Meanwhile, the try to assure us this isn't a present to the WS cronies.

There still is not a lot of detail regarding any of these changes, and that's the big problem. It's like Shrub is saying "trust me". This scares the crap out of me - HE can't be trusted, and the Dems appear spineless. Then there's that whole issue of bills being passed without being read these days. :eyes:

Report Denies Privatization Windfall
http://www.washingtonpost.com/wp-dyn/articles/A53665-2004Dec9.html


Commission clarifies plans to reform Social Security
http://www.pasadenastarnews.com/Stories/0,1413,206~11851~2587290,00.html

snip>

Sixteen of us — Republicans and Democrats — served on the President’s Commission to Strengthen Social Security. There seems to be a great deal of confusion and misinformation about our recommendations that should be made clear. Although we presented the president with three plans, Plan 2 received the majority of the Commissioners’ support and should serve as the starting point.

What did Plan 2 recommend?First, consistent with one of the president's principles, everyone who is age 55 or older should receive their promised Social Security benefits, inflation adjusted. No exceptions. This means that all AARP members can be assured that their benefits will not be changed as a result of any of the other recommended reform.

Second, we recommended that Social Security's safety net be strengthened by increasing the benefits paid to low-wage workers. It is disgraceful that under the current system, a low-wage worker receives a benefit that keeps him or her below the poverty line. The Social Security actuaries told us that, if implemented immediately, this would raise at least 700,000 of today's elderly out of poverty. In addition, we recommended that widows' benefits be raised.

Third, because Social Security's benefit formula increases the benefits of future retirees beyond the amount received by today's retirees, even after inflation, we recommended that the growth in benefits be cut.

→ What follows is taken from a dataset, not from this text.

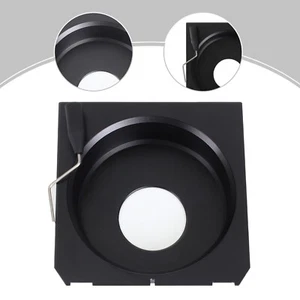 Linhof 21mm Copal #0 Recessed Lens Board Wista Technika Chamonix Ebony Tachihara - Picture 1 of 9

The result is that every future retiree would get a benefit slightly larger than the benefit received by today's retirees, but less than they are promised by a system that can't pay those increased benefits. Critics have ferociously attacked this recommendation, misleading people into believing that future retirees would get a benefit less than today's retirees receive. This is completely false.

Last, we recommended that younger workers be given the choice to invest 4 percent of their income or up to $1,000 per year to allow lower-wage workers to invest more in a government regulated Personal Retirement Account. Their money would be invested in funds similar to that in which all federal workers are allowed to invest just five large mutual funds. The accounts would be individually owned, controlled, and inheritable. The worker would still receive a Social Security benefit, but proportionately less than he or she would have had all of their taxes continued to flow into Social Security. The Social Security actuaries said that for those workers who chose a PRA, they could expect to receive a benefit that is higher than the existing system can pay.